Too be honest, I hope they win. While I my passion is technology, I am not a fan of artificial intelligence at all! Decision-making is best left up to the human being. I can see where AI has its place like in gaming or some other things but to mainstream it and use it to decide who's resume is going to be viewed and/or who will be hired; hell no.

[–] [email protected] 23 points 1 year ago

use it to decide who’s resume is going to be viewed and/or who will be hired

Luckily that's far removed from ChatGPT and entirely indepentent from the question whether copyrighted works may be used to train conversational AI Models or not.

[–] Chailles 12 points 1 year ago (1 children)

You don't need AI to unfairly filter out résumés, they've been doing it already for years. Also the argument that a human would always make the best decision really doesn't work that well. A human is biased and limited. They can only do so much and if you make someone go through a 100 résumés, you're basically just throwing out all the applicants who happen to be in the middle of that pile as they are not as outstanding compared towards the first and last applicants in the eyes of the human mind.

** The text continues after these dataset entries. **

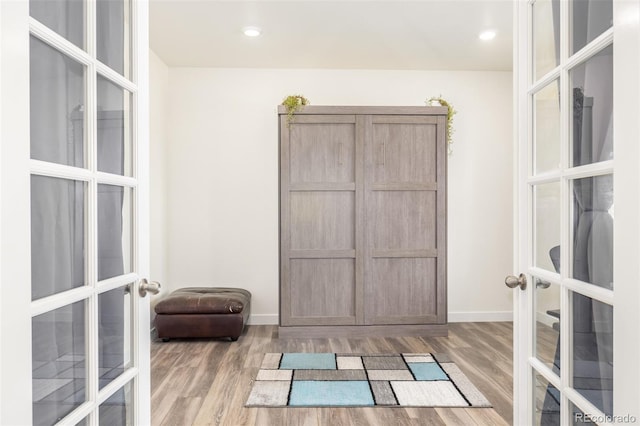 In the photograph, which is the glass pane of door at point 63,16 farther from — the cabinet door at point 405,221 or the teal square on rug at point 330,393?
the cabinet door at point 405,221

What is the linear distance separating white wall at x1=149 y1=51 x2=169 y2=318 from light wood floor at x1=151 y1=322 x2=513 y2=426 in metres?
0.82

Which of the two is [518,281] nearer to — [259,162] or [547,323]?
[547,323]

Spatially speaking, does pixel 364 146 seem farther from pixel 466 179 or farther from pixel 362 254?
pixel 466 179

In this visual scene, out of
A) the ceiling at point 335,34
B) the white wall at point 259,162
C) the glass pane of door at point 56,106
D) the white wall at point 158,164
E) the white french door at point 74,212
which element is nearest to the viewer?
the white french door at point 74,212

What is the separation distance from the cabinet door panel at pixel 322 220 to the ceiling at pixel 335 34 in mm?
1342

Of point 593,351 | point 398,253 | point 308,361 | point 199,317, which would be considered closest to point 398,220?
point 398,253

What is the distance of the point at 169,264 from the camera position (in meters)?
4.76

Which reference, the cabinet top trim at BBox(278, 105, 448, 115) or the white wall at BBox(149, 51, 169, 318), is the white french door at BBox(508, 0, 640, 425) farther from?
the white wall at BBox(149, 51, 169, 318)

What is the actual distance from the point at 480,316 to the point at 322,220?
6.95 feet

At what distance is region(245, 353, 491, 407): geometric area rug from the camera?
273 centimetres

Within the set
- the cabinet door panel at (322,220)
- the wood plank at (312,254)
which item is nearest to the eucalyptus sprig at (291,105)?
A: the cabinet door panel at (322,220)

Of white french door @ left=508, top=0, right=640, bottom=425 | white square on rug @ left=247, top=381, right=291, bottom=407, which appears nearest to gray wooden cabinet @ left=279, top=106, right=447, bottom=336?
white square on rug @ left=247, top=381, right=291, bottom=407

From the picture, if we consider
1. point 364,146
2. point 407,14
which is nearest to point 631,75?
point 407,14

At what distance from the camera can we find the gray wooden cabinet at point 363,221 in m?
4.15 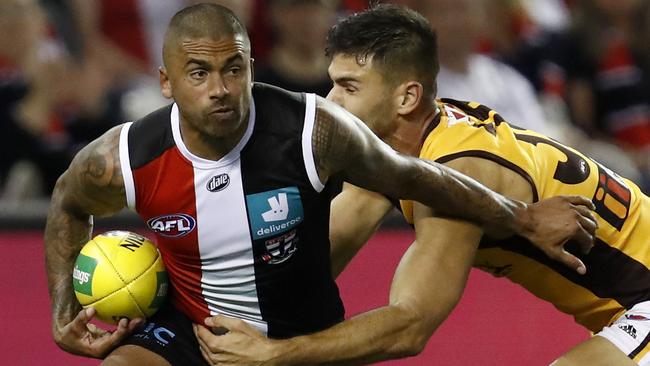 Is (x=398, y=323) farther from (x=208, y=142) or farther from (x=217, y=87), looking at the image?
(x=217, y=87)

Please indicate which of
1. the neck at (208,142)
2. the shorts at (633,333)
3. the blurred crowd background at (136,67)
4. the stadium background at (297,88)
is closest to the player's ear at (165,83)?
the neck at (208,142)

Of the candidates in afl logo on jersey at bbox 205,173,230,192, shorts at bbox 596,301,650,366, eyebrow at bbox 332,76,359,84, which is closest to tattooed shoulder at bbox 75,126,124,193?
afl logo on jersey at bbox 205,173,230,192

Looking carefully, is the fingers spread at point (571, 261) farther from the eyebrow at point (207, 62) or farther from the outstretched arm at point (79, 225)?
the outstretched arm at point (79, 225)

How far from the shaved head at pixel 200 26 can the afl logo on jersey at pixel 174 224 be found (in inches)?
22.3

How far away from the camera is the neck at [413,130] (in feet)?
16.6

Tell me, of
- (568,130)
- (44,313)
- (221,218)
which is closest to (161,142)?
(221,218)

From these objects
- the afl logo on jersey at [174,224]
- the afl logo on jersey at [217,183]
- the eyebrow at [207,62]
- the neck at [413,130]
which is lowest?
the afl logo on jersey at [174,224]

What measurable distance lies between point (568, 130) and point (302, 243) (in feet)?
14.0

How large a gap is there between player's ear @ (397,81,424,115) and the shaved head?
2.83 ft

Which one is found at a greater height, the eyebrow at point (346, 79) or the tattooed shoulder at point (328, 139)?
the eyebrow at point (346, 79)

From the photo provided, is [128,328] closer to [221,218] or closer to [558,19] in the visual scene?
[221,218]

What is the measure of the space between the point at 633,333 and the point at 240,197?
5.14ft

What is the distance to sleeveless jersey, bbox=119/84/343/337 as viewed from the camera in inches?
180

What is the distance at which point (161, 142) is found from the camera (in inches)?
181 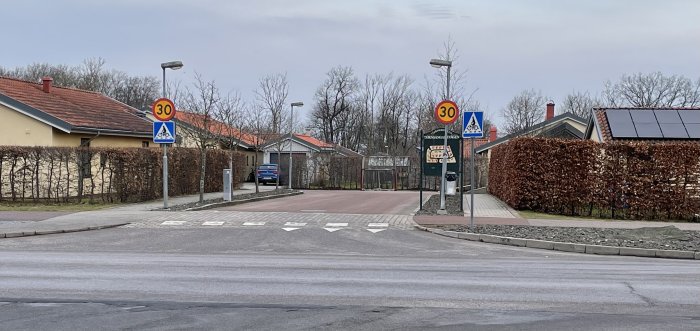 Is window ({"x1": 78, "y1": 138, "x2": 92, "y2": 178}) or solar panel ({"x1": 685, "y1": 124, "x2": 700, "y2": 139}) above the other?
solar panel ({"x1": 685, "y1": 124, "x2": 700, "y2": 139})

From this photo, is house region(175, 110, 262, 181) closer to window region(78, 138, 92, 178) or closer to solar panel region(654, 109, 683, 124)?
window region(78, 138, 92, 178)

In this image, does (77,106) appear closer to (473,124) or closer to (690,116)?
(473,124)

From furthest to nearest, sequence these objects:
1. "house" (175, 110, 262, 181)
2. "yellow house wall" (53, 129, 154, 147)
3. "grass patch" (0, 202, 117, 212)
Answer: "house" (175, 110, 262, 181) < "yellow house wall" (53, 129, 154, 147) < "grass patch" (0, 202, 117, 212)

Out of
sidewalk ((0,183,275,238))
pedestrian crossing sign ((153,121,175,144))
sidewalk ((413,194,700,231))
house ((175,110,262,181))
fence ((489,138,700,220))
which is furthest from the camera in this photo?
house ((175,110,262,181))

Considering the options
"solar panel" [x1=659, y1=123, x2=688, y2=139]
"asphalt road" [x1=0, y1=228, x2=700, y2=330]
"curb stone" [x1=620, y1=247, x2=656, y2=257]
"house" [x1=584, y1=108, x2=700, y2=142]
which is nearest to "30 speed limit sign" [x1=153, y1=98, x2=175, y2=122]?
"asphalt road" [x1=0, y1=228, x2=700, y2=330]

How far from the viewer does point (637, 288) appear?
7.96 metres

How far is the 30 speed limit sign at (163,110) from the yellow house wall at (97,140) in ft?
30.4

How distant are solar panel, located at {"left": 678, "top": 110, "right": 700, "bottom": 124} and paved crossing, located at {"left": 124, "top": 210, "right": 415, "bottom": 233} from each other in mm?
13801

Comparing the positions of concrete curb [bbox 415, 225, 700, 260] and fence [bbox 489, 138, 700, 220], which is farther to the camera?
fence [bbox 489, 138, 700, 220]

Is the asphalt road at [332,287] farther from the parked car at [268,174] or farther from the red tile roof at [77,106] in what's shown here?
the parked car at [268,174]

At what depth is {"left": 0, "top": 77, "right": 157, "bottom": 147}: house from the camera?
2578cm

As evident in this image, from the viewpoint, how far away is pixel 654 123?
24.1 m

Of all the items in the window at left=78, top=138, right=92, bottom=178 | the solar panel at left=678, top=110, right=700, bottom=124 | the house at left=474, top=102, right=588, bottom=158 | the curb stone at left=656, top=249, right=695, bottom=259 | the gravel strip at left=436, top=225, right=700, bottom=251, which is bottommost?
the curb stone at left=656, top=249, right=695, bottom=259

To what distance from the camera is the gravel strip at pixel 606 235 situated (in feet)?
41.1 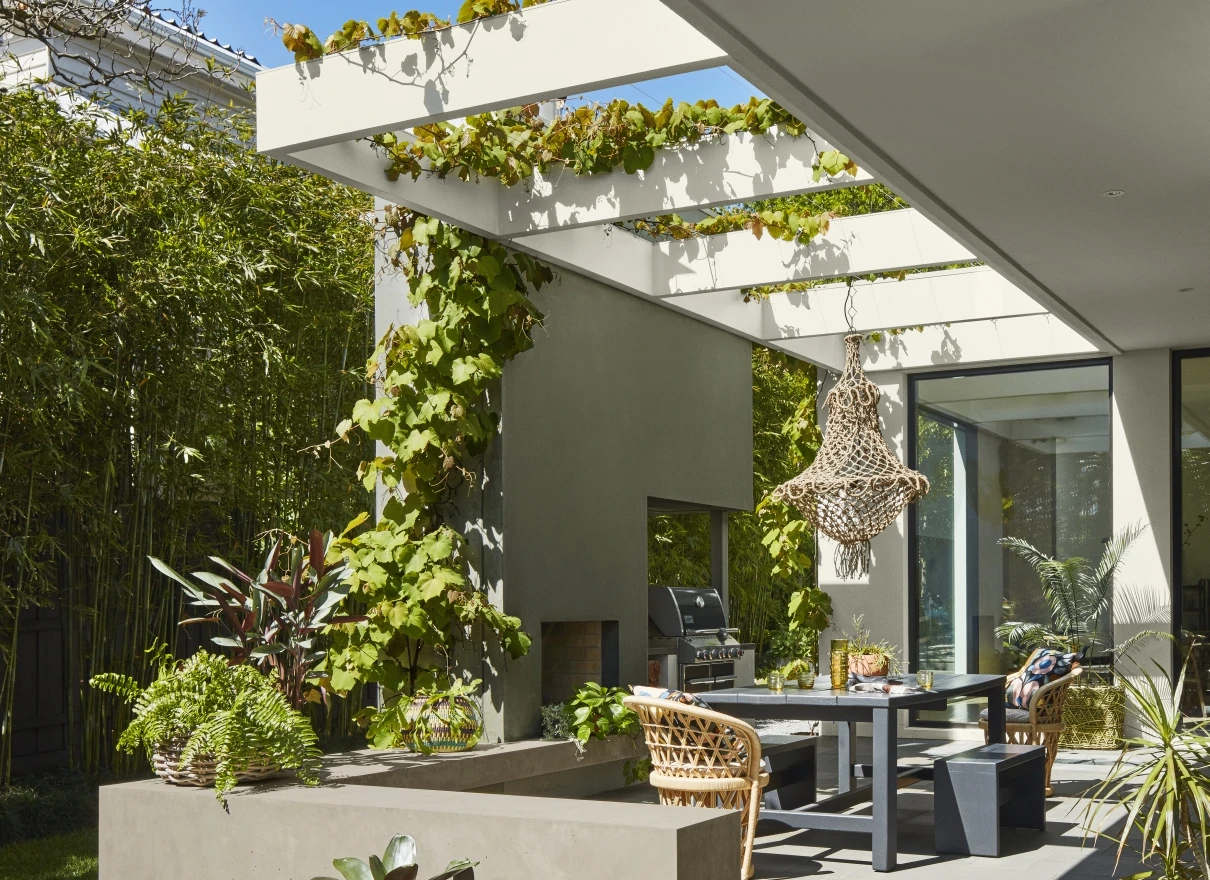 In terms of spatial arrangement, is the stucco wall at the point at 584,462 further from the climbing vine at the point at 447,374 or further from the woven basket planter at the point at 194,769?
the woven basket planter at the point at 194,769

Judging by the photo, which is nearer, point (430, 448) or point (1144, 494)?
point (430, 448)

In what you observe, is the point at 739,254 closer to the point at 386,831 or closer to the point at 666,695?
the point at 666,695

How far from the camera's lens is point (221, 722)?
13.8 ft

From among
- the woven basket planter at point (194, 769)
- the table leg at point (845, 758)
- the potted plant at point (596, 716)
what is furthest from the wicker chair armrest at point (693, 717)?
the table leg at point (845, 758)

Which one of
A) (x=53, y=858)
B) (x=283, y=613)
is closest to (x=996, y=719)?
(x=283, y=613)

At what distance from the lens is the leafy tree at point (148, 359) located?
21.0 feet

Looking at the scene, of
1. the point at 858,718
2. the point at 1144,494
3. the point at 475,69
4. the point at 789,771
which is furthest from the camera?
the point at 1144,494

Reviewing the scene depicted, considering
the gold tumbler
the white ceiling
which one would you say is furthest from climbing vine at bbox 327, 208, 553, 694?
the white ceiling

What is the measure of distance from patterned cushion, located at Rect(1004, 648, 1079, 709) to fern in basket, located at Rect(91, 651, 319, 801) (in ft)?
15.5

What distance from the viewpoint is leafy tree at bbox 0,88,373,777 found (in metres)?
6.41

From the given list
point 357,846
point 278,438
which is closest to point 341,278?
point 278,438

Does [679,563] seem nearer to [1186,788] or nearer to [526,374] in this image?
[526,374]

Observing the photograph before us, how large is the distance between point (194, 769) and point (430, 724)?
1.63 meters

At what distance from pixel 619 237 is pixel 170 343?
103 inches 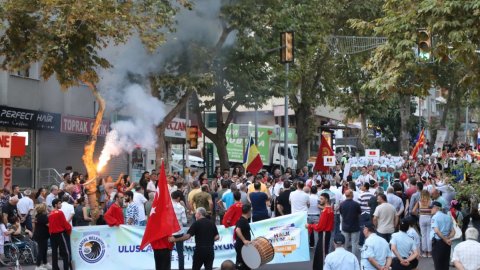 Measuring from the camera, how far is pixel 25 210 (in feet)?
67.8

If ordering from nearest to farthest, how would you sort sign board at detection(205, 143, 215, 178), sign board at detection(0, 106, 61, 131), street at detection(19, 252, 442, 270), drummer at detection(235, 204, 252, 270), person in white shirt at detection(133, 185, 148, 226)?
1. drummer at detection(235, 204, 252, 270)
2. street at detection(19, 252, 442, 270)
3. person in white shirt at detection(133, 185, 148, 226)
4. sign board at detection(0, 106, 61, 131)
5. sign board at detection(205, 143, 215, 178)

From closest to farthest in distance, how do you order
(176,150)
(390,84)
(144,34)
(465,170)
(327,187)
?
1. (390,84)
2. (465,170)
3. (327,187)
4. (144,34)
5. (176,150)

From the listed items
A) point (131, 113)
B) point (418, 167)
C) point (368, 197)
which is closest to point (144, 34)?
point (131, 113)

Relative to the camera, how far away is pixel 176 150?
165 ft

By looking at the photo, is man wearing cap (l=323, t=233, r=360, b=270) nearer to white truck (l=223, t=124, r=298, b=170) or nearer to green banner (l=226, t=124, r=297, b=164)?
white truck (l=223, t=124, r=298, b=170)

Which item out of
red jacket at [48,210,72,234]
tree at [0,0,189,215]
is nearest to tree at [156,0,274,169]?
tree at [0,0,189,215]

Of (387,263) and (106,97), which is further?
(106,97)

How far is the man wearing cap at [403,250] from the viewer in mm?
12953

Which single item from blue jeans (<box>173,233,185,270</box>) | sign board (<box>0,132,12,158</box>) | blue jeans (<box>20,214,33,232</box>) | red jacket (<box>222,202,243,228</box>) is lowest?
blue jeans (<box>173,233,185,270</box>)

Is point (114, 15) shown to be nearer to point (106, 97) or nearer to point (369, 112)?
point (106, 97)

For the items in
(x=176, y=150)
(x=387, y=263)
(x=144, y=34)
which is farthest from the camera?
(x=176, y=150)

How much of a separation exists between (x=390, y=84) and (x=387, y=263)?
4.02 metres

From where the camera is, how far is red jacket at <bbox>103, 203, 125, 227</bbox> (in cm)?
1727

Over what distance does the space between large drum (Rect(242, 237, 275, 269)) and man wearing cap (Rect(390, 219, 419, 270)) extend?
2.54 meters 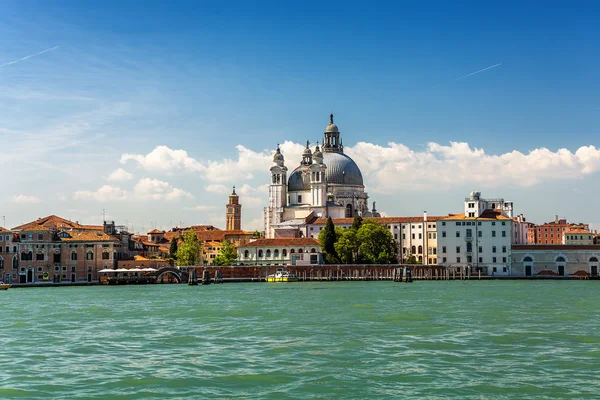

[–] [email protected] -1 points 1 year ago

I get that HR does this shit all of the time. But at least without AI, your resume or CV has a better chance of making it to a human being.

[–] BURN 2 points 1 year ago

I got a degree with a sub focus in AI and I hate where this has gone extremely fast. It’s not exciting anymore, it’s just depressing. I’m trying to get out of tech sooner rather than later and go live off the grid somewhere.

AI will kill society long before it’ll save it

[–] ulu_mulu 1 points 1 year ago (1 children)

I'm not against artificial intelligence, it could be a very valuable tool, but that's nowhere near a valid reason to break laws as OpenAI has done, that's why I too hope authors win.

[–] [email protected] 12 points 1 year ago (1 children)

What laws are you saying they've broken?

[–] ulu_mulu 1 points 1 year ago* (last edited 1 year ago) (1 children)

Copyright, this is not the first time they're sued for it apparently (violating copyright is a crime).

[–] [email protected] 9 points 1 year ago (1 children)

Scraping the web is legal and training AI on data is also legal.

[–] ulu_mulu 4 points 1 year ago* (last edited 1 year ago) (2 children)

Reusing the content you scraped, if copyright protected, is not.

Edit: unless you get the authorization of the original authors but OpenAI didn't even asked, that's why it's a crime.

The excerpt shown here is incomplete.